Nos documentos anteriores, em que rechaça qualquer forma de proibição às obras audiovisuais, porém, a Justiça afirmou que a Constituição Federal de 1988 "põe fim à censura" e que cabe à União "exercer a classificação, para efeito indicativo, de diversões públicas e de programas de rádio e televisão".

"Dessa maneira, a classificação Indicativa torna-se, na verdade, o maior indicador de que a censura institucional, experimentada pelo Brasil em diversos momentos de sua história e, mais recentemente, no governo militar, não se aplica à presente conjuntura sociopolítica", afirmam os mesmos documentos.

"Não compete, portanto, ao Estado proibir filmes, cortar cenas e vedar o acesso da população a qualquer tipo de obra, bem como promover qualquer restrição à manifestação do pensamento, à criação, à expressão ou à informação", diz ainda a mesma pasta que decidiu censurar o longa de Gentili.

Em 1986, o então presidente José Sarney chegou a censurar a exibição do filme "Je Vous Salue, Marie", de Jean-Luc Godard. A obra conta a história de uma garota que engravida sem ter feito sexo, como aconteceu com Maria, mãe de Jesus para os cristãos.

Em outro caso recente, foi uma decisão judicial, e não do governo, que determinou a remoção de conteúdo de plataforma de streaming. Em dezembro de 2020, a Justiça do Rio de Janeiro ordenou à Netflix que retirasse de seu catálogo um especial de Natal do Porta dos Fundos. A censura foi derrubada pelo STF, o Supremo Tribunal Federal.

Procurados, o Ministério da Justiça e a Secretaria Especial da Cultura não responderam se há contradição entre posições já divulgadas pelo governo sobre a censura e a ordem para vetar a exibição de "Como se Tornar o Pior Aluno da História".

A Justiça afirmou apenas que a "medida cautelar" de retirada do filme considera "a necessária proteção da criança e adolescente como consumidor, conforme o artigo 39 do Código de Defesa do Consumidor, e está dentro das competências do ministério".

O documento que rechaça a censura tem sido apresentado pelo Ministério da Justiça em pedidos de acesso aos relatórios de classificação indicativa de filmes.

O Ministério da Justiça afirma que as obras são analisadas levando em consideração três temas —sexo, drogas e violência. Há "atenuantes" ou "agravos de contexto" que podem elevar ou diminuir as faixas etárias.

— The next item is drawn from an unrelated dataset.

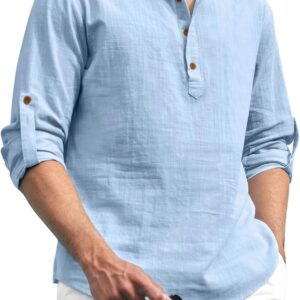 Zombom Cotton Blend Solid Casual Regular Fit Mandarin/Chinese Collor Short Kurta for Men Sky Blue dress material - Bailly - Premium Dress Materials for Every Occasion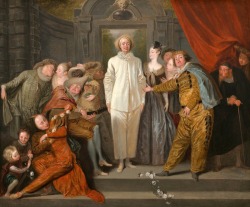 bonjourtableau:  Les Comédiens italiens (The Italian comedians), 1719-20, Antoine Watteau, National Galery of Art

"Por exemplo, se há um contraponto imediato, a gradação etária pode ser atenuada. Por outro lado, se não há punição ao agressor ou se a cena é exibida de forma valorizada, sem contraponto ou atenuantes de composição, apresentação de conteúdo positivo, entre outros, poderá haver alteração nas faixas etárias, que servem apenas como referência", afirma a Justiça.

A pasta também aponta, no documento, que a classificação indicativa é objetiva e não há "interferências de questões morais".

Diversos advogados afirmam que a administração não pode tirar um filme de circulação, porque isso fere a liberdade de expressão prevista na Constituição. Dizem ainda que o conteúdo de uma obra audiovisual poderia ser contestado só na Justiça, mas que mesmo assim as chances de o produto deixar de ser exibido são mínimas.

​"Como Se Tornar o Pior Aluno da Escola" seguia disponível nos serviços de streaming na data da publicação desta reportagem. No início da semana, Globoplay e Telecine afirmaram que não removeriam a obra do catálogo.

O secretário especial da Cultura, Mario Frias, afirmou que a cena é uma afronta às famílias. Disse ainda que o longa usa a pedofilia como forma de humor.

O ministro da Justiça, Anderson Torres, declarou que o filme tinha "detalhes asquerosos".

Pedidos de análise de faixa etária são enviados ao Ministério da Justiça com frequência e podem ser acatados ou não. Emissoras e plataformas também podem recorrer ou não das novas decisões. A classificação é uma indicação aos pais e responsáveis, não uma proibição.